The torque is not directly linked to the power. With appropriate gearing, you can get any torque you want because Power is Torque times Speed. If your motor uses 100W (when not stalled), does it produce 40nm at normal speed as opposed to requiring 40nm? How fast do you need the jack to operate? If the speed of the jack operation is not critical then you can use pulleys and a coupling belt between motor and pump to get the gearing you need to match the motor torque..

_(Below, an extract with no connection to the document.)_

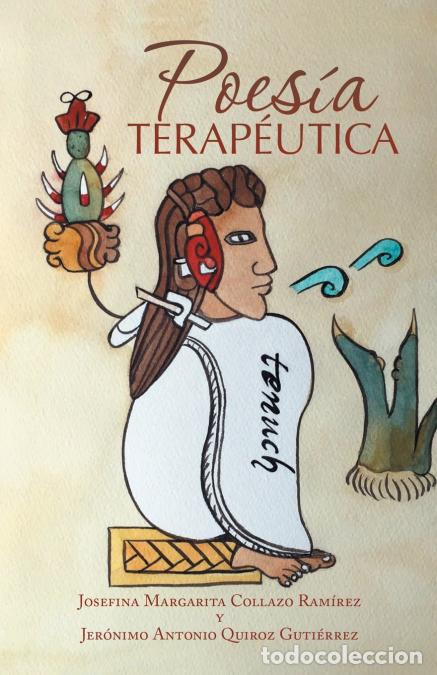 Livres: Poes&iacute;a Terap&eacute;utica - Josefina Margarita Collazo Ram&iacute;rez,Jer&oacute;nimo Antonio Quiroz Guti&eacute;rrez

just to lift thevehicle of around 4 to 5 tons from the hydraulic jack which is now a days generally operated by manually but i m just trying to transfer the rotation of wiper motor to the to and fro motion that is linear motion by linkages such as quick return mechanism,slider crank mechanism and by the calculation we did we just need the wiper motor which can provide the torque to the linkage arm of aroubd 50nm with the speed of 38 rpm that is at lowest speed which can obtaiin that power is torque*speed which forms the value of around 100 watt and this motor has to be driven from the vehicles internal power so i would want to know that can the vehicle internal power or vehicles battery can provide that sufficient amount of power to the vehicle??i hope you have understood what i n trying to say so please ur answer or suggesion will be very grateful n helpful to me thank you

russ_watters
Mentor
Yes, a car battery can provide 100W for a decent amount of time.